Either way, these businesses are doomed. CEO-as-hero has been thoroughly debunked and these organisations can look forward to quietly floundering as the marketplace evolves beyond the CEO’s ability to cope. Founder-worshiping businesses will decline, as whatever talented people they have hired leave, when they realise the limitations imposed by the boss mean they will never be able to advance, unless they sign up as acolytes.

The Student Debating Society

Did you see the coverage of Amazon’s requirement for six-page memos to be produced and read through, before meetings? They have to be narrative, not PowerPoint, a great deal of hard work has to go into them, a reading room is set aside so that the documents can be read through properly. It’s this thought and preparation that helps make for great meetings, there.

However, too many PR Boards operate at the other end of the spectrum – little preparation; few papers distributed beforehand; Board members turning up with no real thought as to what issues should be discussed and what needs to be challenged.

Now the odd thing is, these meetings often feel great. Highly spontaneous; lots of thinking-on-your-feet; making decisions quickly; bags of creativity and enthusiasm! Who needs boring preparation when flying by the seat of your pants is so much more exciting!

Trouble is, it’s never been harder to run a PR business. Clients are taking more work in house; they are more demanding; the marketplace is evolving at pace; and a class of highly professional firms is quietly taking the lion’s share of the profits that are out there.

The need for well-prepared, thoughtful and challenging Boards has never been greater. So, student debating societies – must try harder.

Mechanical

A sure sign of problems are those smaller PR firms that have Director-itis. Businesses making less than even a million in profit, but have at least four of the following:

• Strategy Director;
• Marketing Director;
• Business Development Director;
• Client Services Director;
• Creative Director;
• HR Director;
• Design Director;
• IT Director;
• Digital Engagement Director;
• And on and on.

These are businesses that mistake correlation and causation. They have the trappings of large, successful firms, without realising that these are not just unnecessary for smaller firms, they actually get in the way.

In similar vein, I come across Boards that go through the motions – Board papers of incredible depth and complexity; lengthy agendas; minutes, etc – but that miss the big picture; that allow the Board agenda to become a straight-jacket on thinking; where what the CEO thinks is paramount. These Boards need a dose of reality and external insight, to help them break out of the trap that’s of their own making.

The “Gritty” Board

This works: Hard numbers. Budgets. Accountability and consequences. Preparation, analysis, and careful thought. Disagreement and challenge; no pulling punches. Pre-mortems. The slaying of sacred cows. Decision-making processes.

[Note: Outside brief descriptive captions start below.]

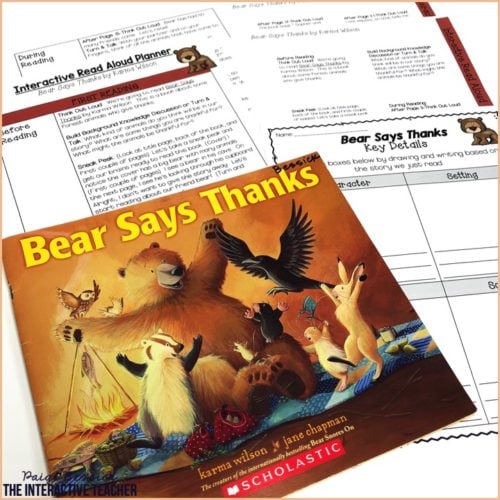 bear says thanks read aloud freebie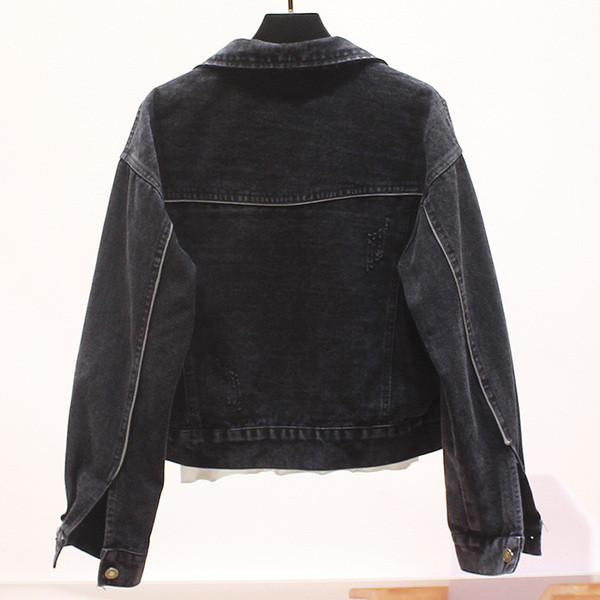 Női alkalmi farmer rövid kabát hímzéssel és hosszú ujjal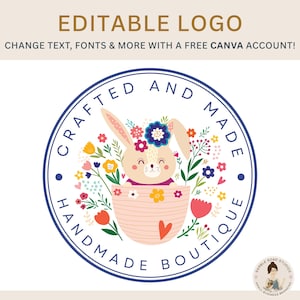 Bewerkbare sjabloon met bloemenhaaslogo – doe-het-zelfcanvasjabloon voor boetiek, cadeauwinkel, handgemaakte ontwerper en meer – eenvoudig aan te passen in canva!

Real-world input.

These elements may be uncomfortable to experience but they are the ingredients of effective Board meetings, as they put good minds to work on important issues, fueling them with information.

But this type of meeting – which feels “gritty” given the degree of challenge and debate – is not for everyone. In the hands of the inexperienced or the insecure, these meetings are powerfully destructive, as challenges are taken as personal slights which bruise the ego (and never forget how brittle confidence can be, and there’s nothing that dents confidence faster than having your colleagues laying in – logically, unemotionally, politely – to your latest clever idea).

So it’s worth reflecting on which type of Board yours most closely represents. And bit by bit you need to replace it with one where talented individuals, having prepared properly, are prepared to speak their minds, so that the Board functions as a proper sparring partner, to knock ideas into better shape.

As always, there’s much to do and time is short, so good luck and get cracking.